==== Information provided ====

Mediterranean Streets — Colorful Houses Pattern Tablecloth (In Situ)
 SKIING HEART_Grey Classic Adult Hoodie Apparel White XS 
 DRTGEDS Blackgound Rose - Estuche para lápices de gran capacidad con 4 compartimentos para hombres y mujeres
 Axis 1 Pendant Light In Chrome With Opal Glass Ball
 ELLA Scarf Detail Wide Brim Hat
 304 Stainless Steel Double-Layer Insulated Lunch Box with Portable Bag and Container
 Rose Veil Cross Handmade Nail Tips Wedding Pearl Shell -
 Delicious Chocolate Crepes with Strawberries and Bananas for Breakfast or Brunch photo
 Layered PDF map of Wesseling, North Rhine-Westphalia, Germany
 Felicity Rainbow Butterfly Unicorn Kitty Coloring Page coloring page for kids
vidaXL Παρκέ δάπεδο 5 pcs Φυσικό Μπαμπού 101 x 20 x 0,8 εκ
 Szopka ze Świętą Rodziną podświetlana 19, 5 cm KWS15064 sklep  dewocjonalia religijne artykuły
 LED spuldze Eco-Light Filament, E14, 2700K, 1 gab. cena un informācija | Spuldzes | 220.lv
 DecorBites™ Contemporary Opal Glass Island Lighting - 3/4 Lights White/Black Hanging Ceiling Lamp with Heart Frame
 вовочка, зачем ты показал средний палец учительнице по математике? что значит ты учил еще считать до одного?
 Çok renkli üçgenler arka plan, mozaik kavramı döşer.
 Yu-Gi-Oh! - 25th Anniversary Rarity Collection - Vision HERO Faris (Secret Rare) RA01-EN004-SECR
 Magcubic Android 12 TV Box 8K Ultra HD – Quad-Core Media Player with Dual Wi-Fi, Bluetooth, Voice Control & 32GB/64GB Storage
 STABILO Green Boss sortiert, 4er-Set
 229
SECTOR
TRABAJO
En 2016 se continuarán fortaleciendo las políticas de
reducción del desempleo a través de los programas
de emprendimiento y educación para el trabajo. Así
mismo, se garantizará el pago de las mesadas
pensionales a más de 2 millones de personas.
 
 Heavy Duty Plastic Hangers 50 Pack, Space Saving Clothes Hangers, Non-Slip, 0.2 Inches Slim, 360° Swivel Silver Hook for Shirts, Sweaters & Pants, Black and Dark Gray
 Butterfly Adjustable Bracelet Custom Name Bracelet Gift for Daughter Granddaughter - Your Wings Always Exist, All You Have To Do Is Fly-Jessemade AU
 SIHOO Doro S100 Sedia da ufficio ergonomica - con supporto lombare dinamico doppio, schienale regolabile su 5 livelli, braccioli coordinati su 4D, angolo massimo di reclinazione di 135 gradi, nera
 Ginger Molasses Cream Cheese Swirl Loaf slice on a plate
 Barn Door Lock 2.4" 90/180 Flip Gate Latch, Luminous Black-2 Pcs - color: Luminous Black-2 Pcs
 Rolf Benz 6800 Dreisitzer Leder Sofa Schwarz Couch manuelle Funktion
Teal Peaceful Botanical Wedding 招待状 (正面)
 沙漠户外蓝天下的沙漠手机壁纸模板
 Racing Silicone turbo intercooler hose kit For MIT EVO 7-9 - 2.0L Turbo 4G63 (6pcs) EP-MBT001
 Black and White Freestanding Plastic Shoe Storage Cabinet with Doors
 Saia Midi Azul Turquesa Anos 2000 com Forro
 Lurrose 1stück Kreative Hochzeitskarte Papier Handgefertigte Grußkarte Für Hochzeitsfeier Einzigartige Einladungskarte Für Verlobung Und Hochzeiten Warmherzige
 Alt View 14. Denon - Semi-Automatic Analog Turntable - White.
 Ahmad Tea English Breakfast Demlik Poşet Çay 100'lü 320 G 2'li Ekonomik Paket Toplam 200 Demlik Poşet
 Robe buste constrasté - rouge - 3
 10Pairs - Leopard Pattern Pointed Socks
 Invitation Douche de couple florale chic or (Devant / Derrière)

====

What to work on: Your answer should consist of the lines above that hold the word "Pattern".

Your solution:
Mediterranean Streets — Colorful Houses Pattern Tablecloth (In Situ)
 10Pairs - Leopard Pattern Pointed Socks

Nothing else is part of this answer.